Problem: An exact copy of the listing is required.

Provided data:
*** Block opens ***

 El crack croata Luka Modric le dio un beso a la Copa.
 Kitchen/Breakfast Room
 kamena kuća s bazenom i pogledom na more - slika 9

*** Block closes ***

Task output:
 El crack croata Luka Modric le dio un beso a la Copa.
 Kitchen/Breakfast Room
 kamena kuća s bazenom i pogledom na more - slika 9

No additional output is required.